# clear coating w Devcon



## socdad (Jul 25, 2005)

When clear coating w Devcon 2 ton epoxy is it helpful to thin the epoxy, if so how much? (thin w denatured alcohol?) How long should the bait be left on the drying wheel?


----------



## vc1111 (Apr 13, 2004)

What species are you building baits for? I ask because normally Devcon can be applied without thinning it. The only time I would consider thinning it is if the lures are very small and you are concerned about applying losing some action from too thick a coat of clear.

The curing time is a minimum of about 4 or 5 hours, but you will only need to leave the bait spinning on the wheel for about 20 to 30 minutes, depending on the air temps, humidity in the room, etc.
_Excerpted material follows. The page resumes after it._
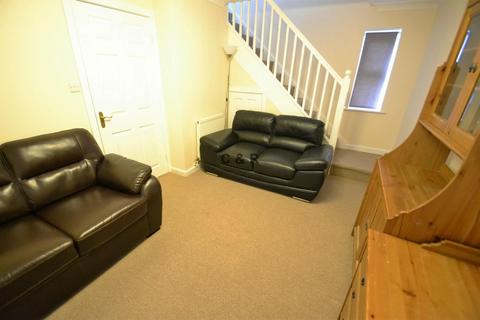 3 bedroom terraced house to rent, Blanchard St, Hulme, Manchester. M15 5PN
It "sets up" pretty fast really.

Sometimes I don't even use the drying wheel with Devcon. I hold the bait by the tail hook screw eye with a pair of vice grips and apply the Devcon. Then I pass a heat gun over the bait lightly and quickly to remove all the air bubbles and simply rotate the bait with the vice grips for 15 to 20 minutes while reading stuff on the internet. In 20 minutes of so you can simply carefully lay place the bait, (which is still clamped in the vice grips "handle") somewhere where it will not be disturbed or touched for the minimum 4 hour period.

Actually the Devcon continues to cure for at least 24 hours, but it will be able to be handled and even recoated after about 4 to 6 hours.


----------



## socdad (Jul 25, 2005)

Thanks for the info ... right now I'm just experimenting, eventually building big baits (musky)


----------